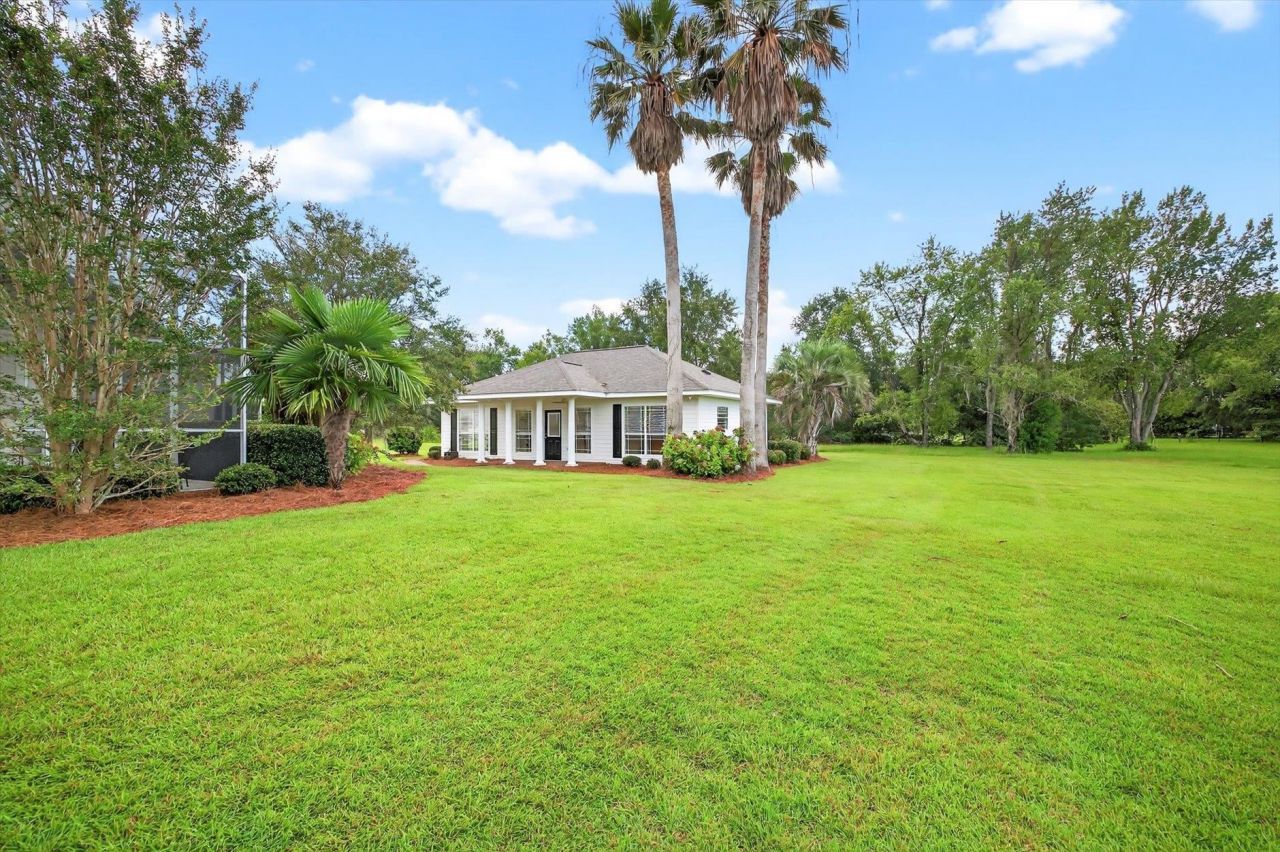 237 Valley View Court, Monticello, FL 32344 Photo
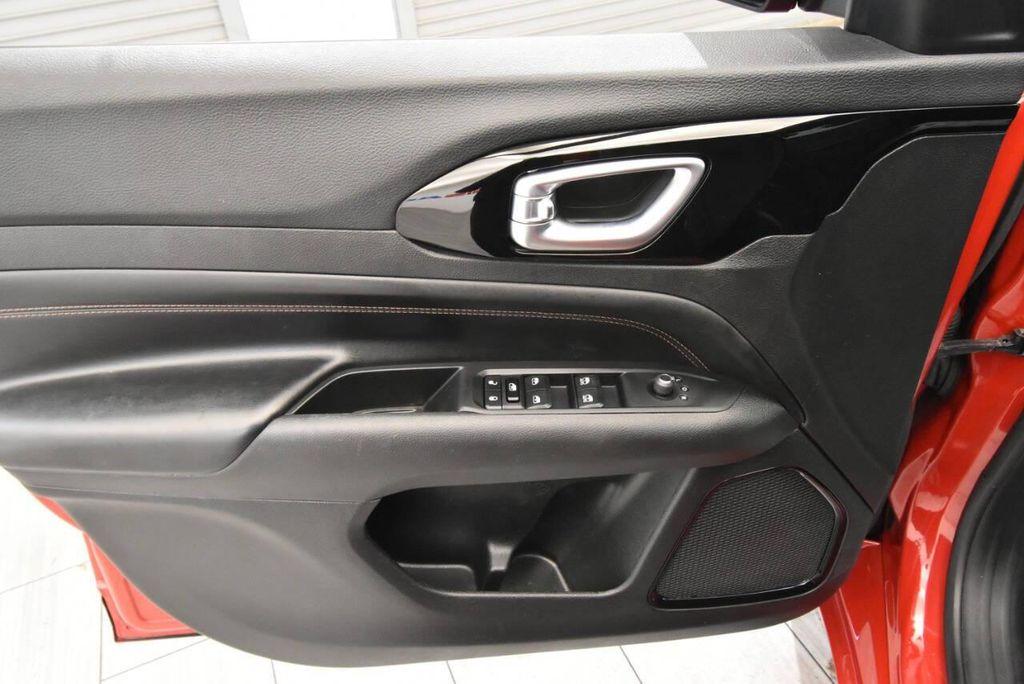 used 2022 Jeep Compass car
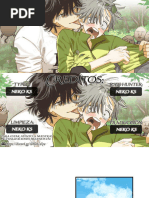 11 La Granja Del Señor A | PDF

> [WHAT YOU NEED TO DO]: Where the data includes pictures, leave them out and write out everything else exactly.

> [TASK RESPONSE]:
 237 Valley View Court, Monticello, FL 32344 Photo
 used 2022 Jeep Compass car
 11 La Granja Del Señor A | PDF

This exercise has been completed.